DATASET RECORDS:
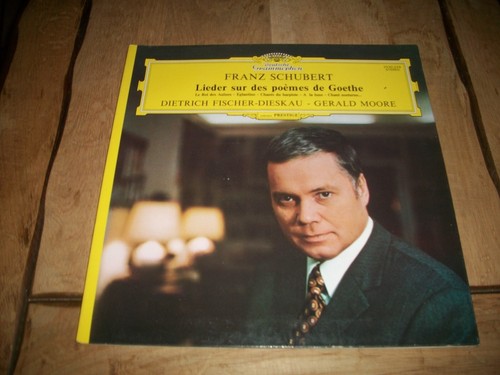 Vinyle tours frantz - vinyle, 33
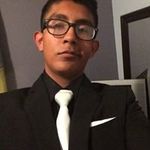 Abraham Trejo - @trejo6125 - Instagram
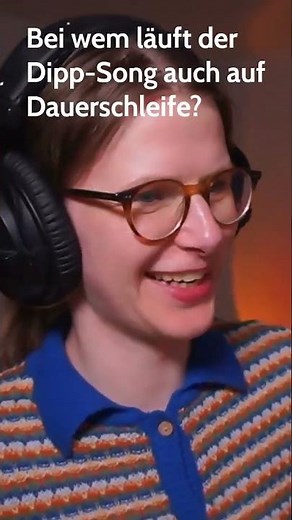 Dipp Song Reaction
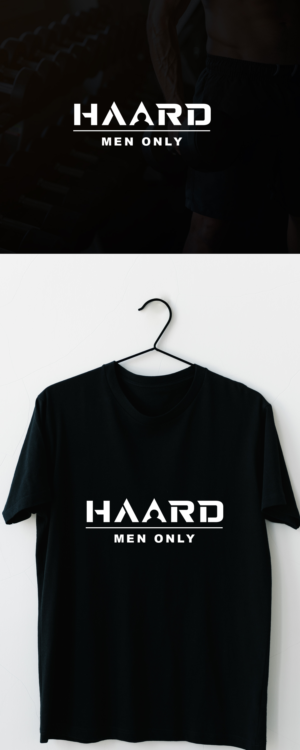 Diseño de Logo por creative2lab 2 para HAARD | Diseño: #28371770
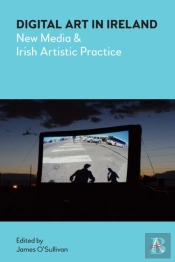 Digital Art In Ireland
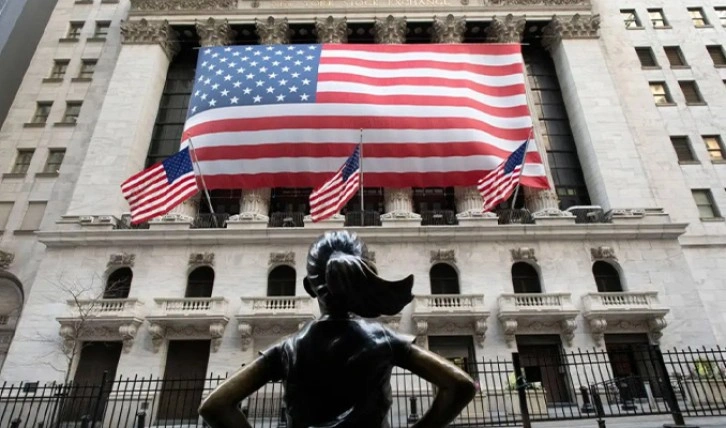 Wall Street dibe ulaştı mı?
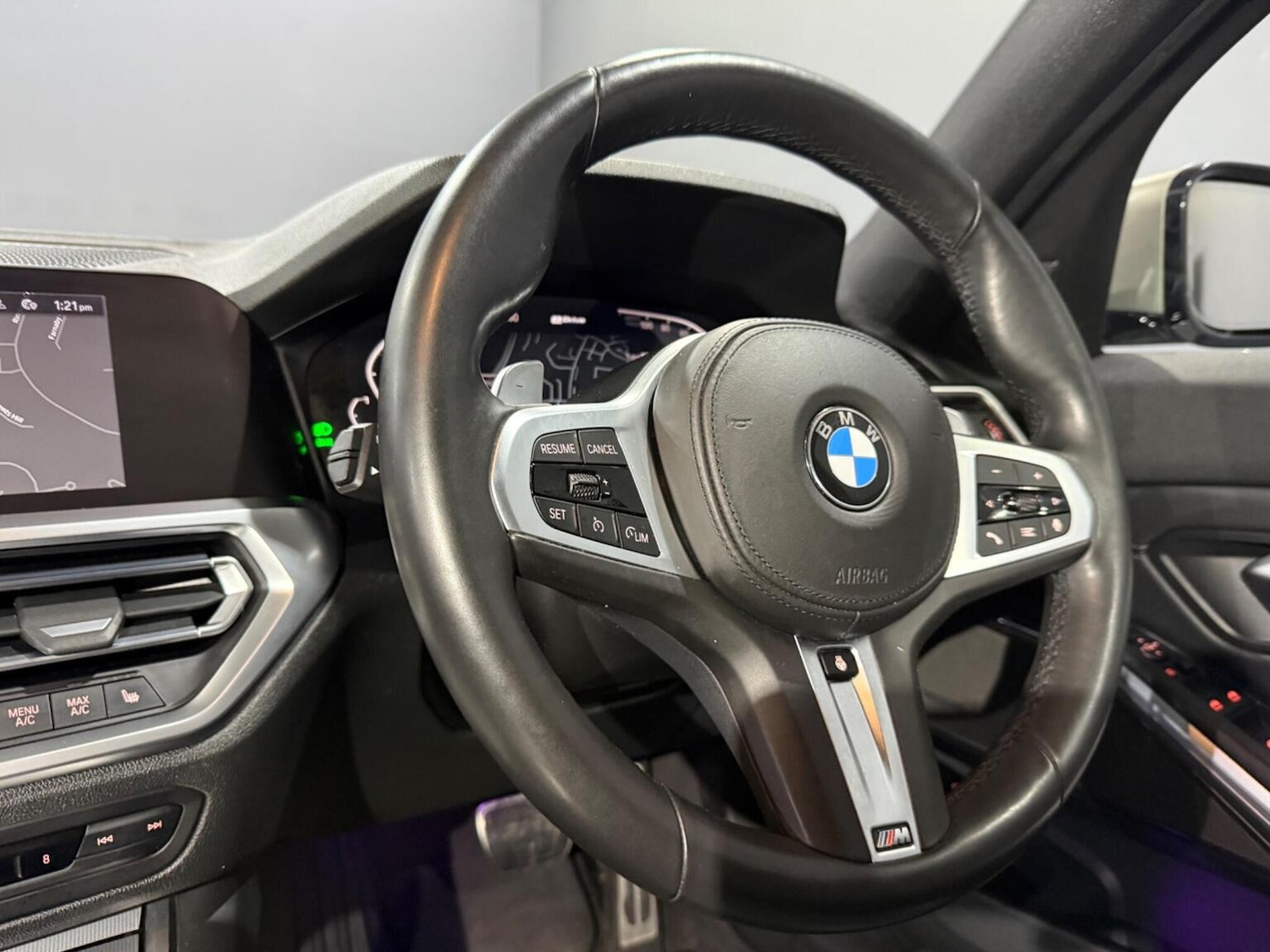 Used BMW 3 Series 2020 for sale - 76687134: Photo 18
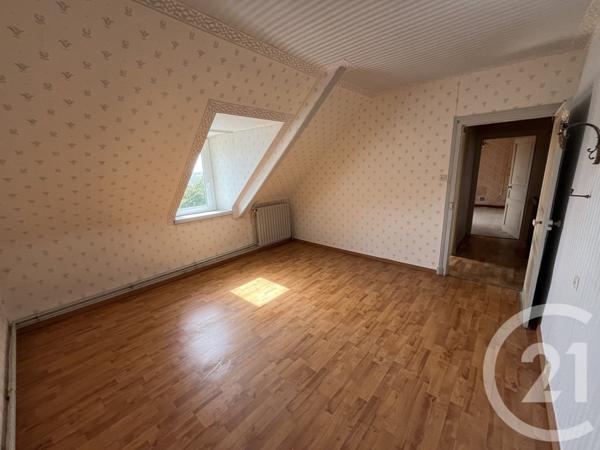 Maison à vendre  6 pièces - 113,64 m2 PLOUBAZLANEC - 22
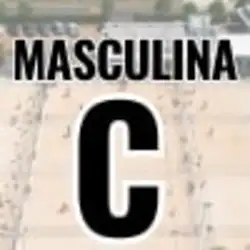 Copa Castro Assessoria Contábil Play Beach Tennis - Julho 2025 - Copa Play Beach Tennis - Masculina C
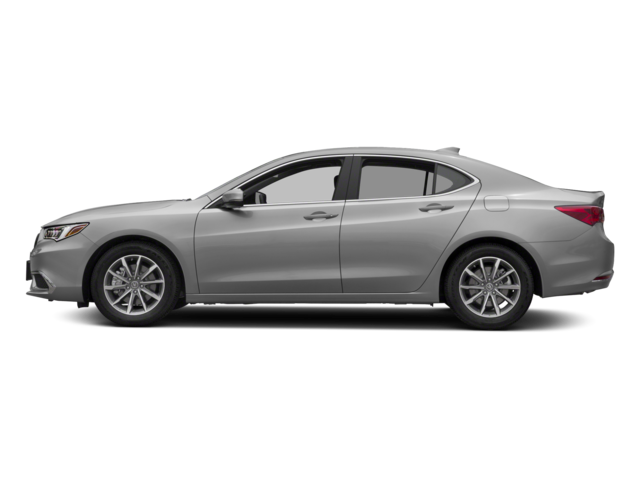 2018 Acura TLX Sedan 4D I4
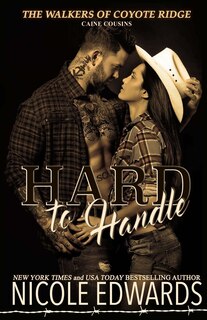 Front cover_Hard to Handle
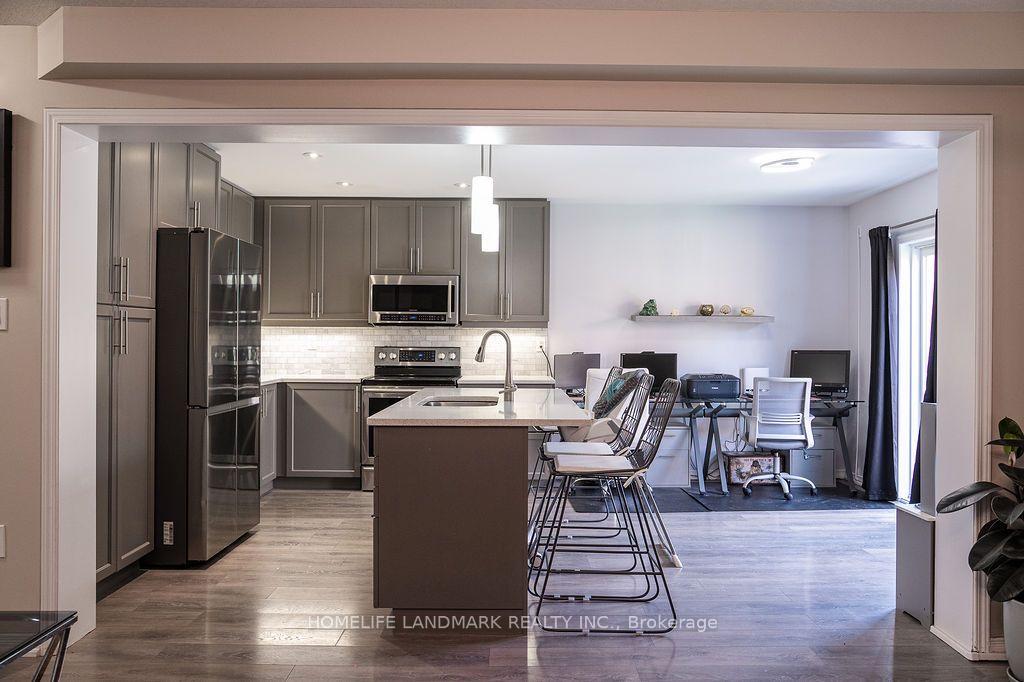 Photo 16 of 106 Odonnel Drive, Hamilton, Binbrook — HOMEH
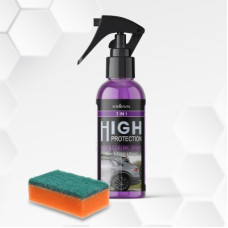 Deals, Discounts & Offers on  - KRSAVN Liquid Car Polish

YOUR OBJECTIVE:
When you repeat the data, keep it exact and drop every picture.

ANSWER FOR THE TASK:
 Vinyle tours frantz - vinyle, 33
 Abraham Trejo - @trejo6125 - Instagram
 Dipp Song Reaction
 Diseño de Logo por creative2lab 2 para HAARD | Diseño: #28371770
 Digital Art In Ireland
 Wall Street dibe ulaştı mı?
 Used BMW 3 Series 2020 for sale - 76687134: Photo 18
 Maison à vendre  6 pièces - 113,64 m2 PLOUBAZLANEC - 22
 Copa Castro Assessoria Contábil Play Beach Tennis - Julho 2025 - Copa Play Beach Tennis - Masculina C
 2018 Acura TLX Sedan 4D I4
 Front cover_Hard to Handle
 Photo 16 of 106 Odonnel Drive, Hamilton, Binbrook — HOMEH
 Deals, Discounts & Offers on  - KRSAVN Liquid Car Polish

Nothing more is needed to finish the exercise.